Поскольку совесть раскрывает такие конкретные, индивидуальные ценностные возможности интуитивно, можно было бы назвать механизм, по которому это происходит, инстинктивным и, соответственно, рассматривать совесть, в противоположность «практическому разуму», как нравственный инстинкт. Однако при ближайшем рассмотрении оказывается, что этот «нравственный инстинкт» находится в весьма существенном противоречии с тем, что принято называть инстинктом, то есть с витальным инстинктом. Инстинкт животных нацелен на Всеобщее, он действует только «вообще»: он, по сути, схематичен. Ведь животные реагируют согласно своим инстинктам на определенные признаки и воздействия окружающей среды всегда только по жесткой схеме, которая задана раз и навсегда для всех особей. Действенность этой инстинктивной схемы определяется тем, что она именно всеобщая, согласно закону больших чисел, в то время как в отдельных случаях эта схема не только отказывает, но и приводит отдельную особь к тому, что при известных обстоятельствах она ведет себя хоть и инстинктивно, но именно поэтому неадекватно, «неразумно». Та же инстинктивная схема реагирования, которая сохраняет или спасает жизнь большинству муравьев, целому муравьиному государству, может при определенных обстоятельствах погубить отдельного муравья. С этим, с точки зрения инстинктов, приходится просто мириться: витальный инстинкт пренебрегает Индивидуальным.

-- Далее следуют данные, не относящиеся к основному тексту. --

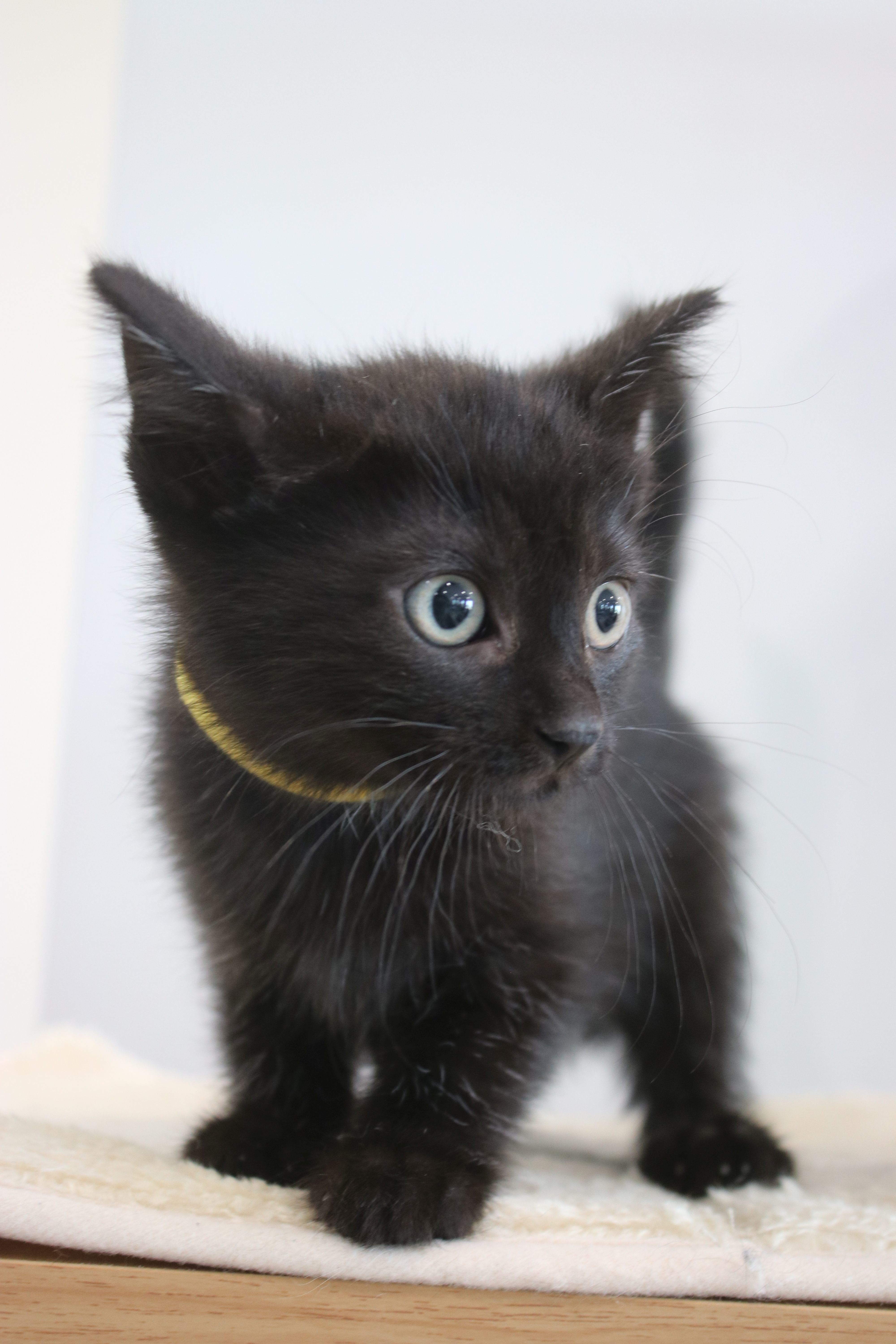 Bonnie, an adoptable Domestic Short Hair in Steinbach, MB, R5G 2B2 | Photo Image 3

В противоположность этому действенность этического инстинкта обеспечивается тем, что он направлен не на Всеобщее, а всегда только на Индивидуальное: он, как говорится, восходит к Конкретному. В то время как животное иногда вводит в заблуждение его витальный инстинкт, человека иной раз дезориентирует этический разум. Этический же инстинкт, то есть совесть, делает человека способным увидеть «единственно необходимое», а не всеобщее. Ведь только одна совесть в состоянии приложить «вечный», всеохватывающий «моральный закон» к единичной конкретной ситуации конкретной личности. Жизнь по совести всегда есть абсолютно индивидуальная жизнь в абсолютно конкретной ситуации, возникающей в нашем единственном и неповторимом существовании. Совесть схватывает конкретное «здесь» моего личного бытия. Не следует понимать эти рассуждения как в чем-то направленные против «морального закона» – они лишь отдают должное совести.

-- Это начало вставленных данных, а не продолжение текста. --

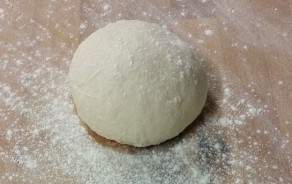 Pizza dough from BIO flour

Теперь мы хотим показать, что и в этом отношении – в том, что касается индивидуальной направленности совести, – любовь также можно поставить в известную аналогию с ней: не только решение совести направлено исключительно на индивидуальную возможность, но и решение любви. Если совесть раскрывает «единственно необходимое», любовь раскрывает «единственно возможное» – уникальные возможности любимого человека. Только любовь способна узреть личность в ее неповторимости, в ее абсолютной индивидуальности. В этом смысле она обладает важнейшей познавательной функцией. Возможно, эта ее познавательная способность была понята и по достоинству оценена еще в те времена, когда в древнееврейском языке любовный акт и акт познания обозначались одним и тем же словом.